O sonho é compartilhado por Fernando Mazo, de 16 anos, que mantém a conta Conexãonortesuul. "Quero seguir a profissão por mais difícil que esteja atualmente", diz. Entre as várias reclamações que lista estão os preços altos dos abastecimentos e dos fretes e a impossibilidade de "tunar" o caminhão sem ter problemas com a polícia. "Multam praticamente tudo: frente rebaixada, película, escape modificado, antena pra frente, capinha de parafuso pontuda, traseira arqueada e até adesivos no pára-brisa", diz ele, que usa o site também para protestar. "É revoltante!"

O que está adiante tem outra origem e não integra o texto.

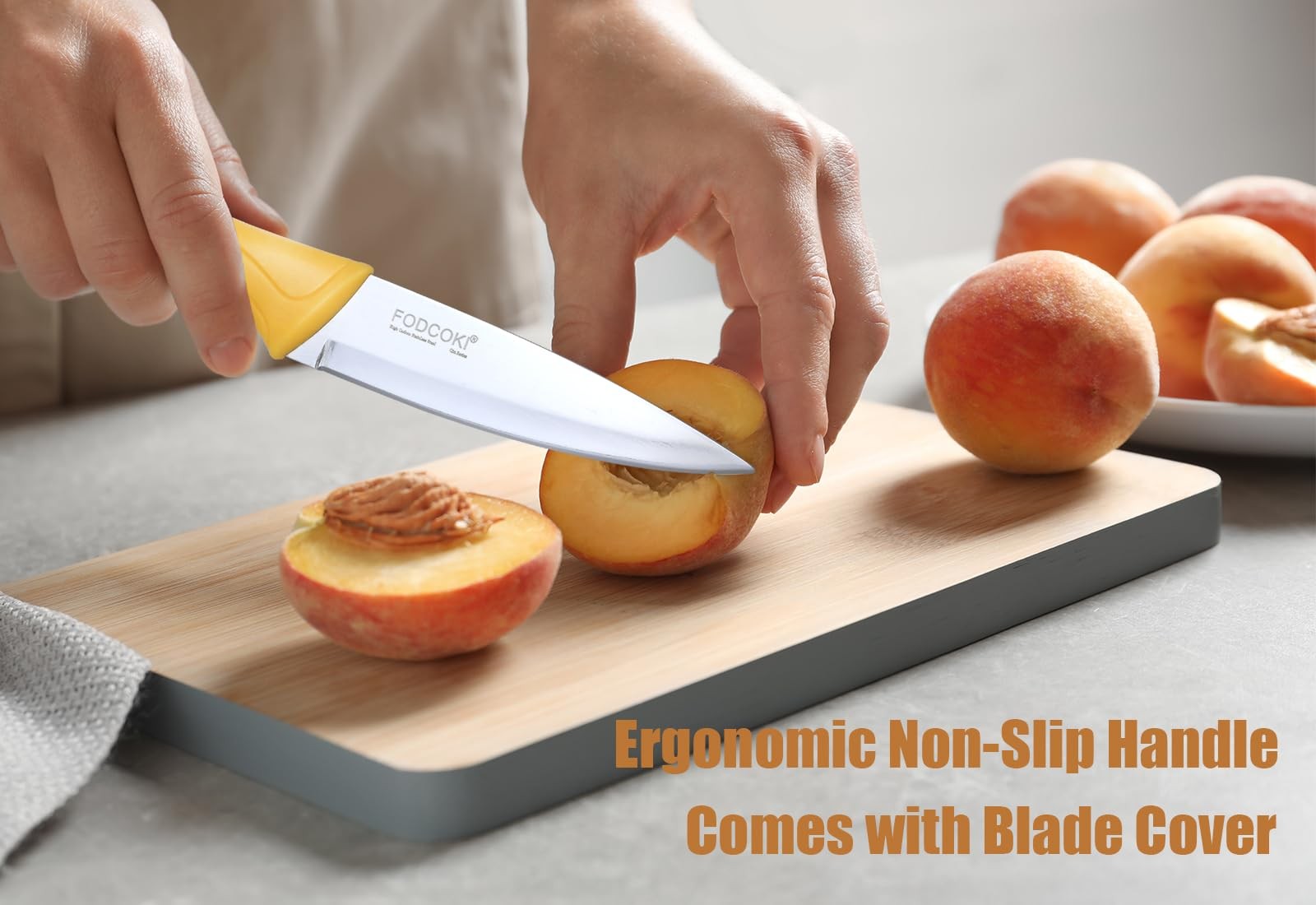 Paring Knife, 4 inch Fruit Paring Knives Set of 4 with Cover Sheath, Small Ki…
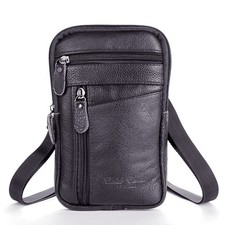 Men Small Laptop Messenger Bags Men's Leather Shoulder Bag Crossbody Wallet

Para Giovana Emanuelle Barth, de 14 anos, a principal dificuldade entre jovens caminhoneiros do Flogão é o machismo. "Alguns homens ainda dizem: 'a única coisa que mulher tem que pilotar é o fogão'", conta. Ao lado de Ligia Pereira, de 17 anos, ela cuida de uma das raras contas femininas dedicadas a caminhões, o flogão girls_101. "Flogão não é só um site onde postamos fotos, é um pedaço do nosso sonho. O sentimento de estar ali na pista, tirando foto, editando e postando", diz. "É muito bom!"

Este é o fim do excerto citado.